• [WHAT THE TASK ASKS]: What do the lines from the one containing "Organic T-Shirt- yoga yuj — MATHILDA'S" through the end of the entries say? Quote them exactly, and only them.

• [SUPPLIED ENTRIES]:
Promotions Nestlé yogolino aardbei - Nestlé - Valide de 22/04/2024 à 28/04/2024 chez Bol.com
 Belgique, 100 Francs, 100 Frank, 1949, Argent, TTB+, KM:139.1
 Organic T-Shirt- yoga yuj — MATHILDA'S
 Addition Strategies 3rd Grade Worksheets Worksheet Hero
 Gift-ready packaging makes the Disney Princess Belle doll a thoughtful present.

• [WORKED SOLUTION]:
 Organic T-Shirt- yoga yuj — MATHILDA'S
 Addition Strategies 3rd Grade Worksheets Worksheet Hero
 Gift-ready packaging makes the Disney Princess Belle doll a thoughtful present.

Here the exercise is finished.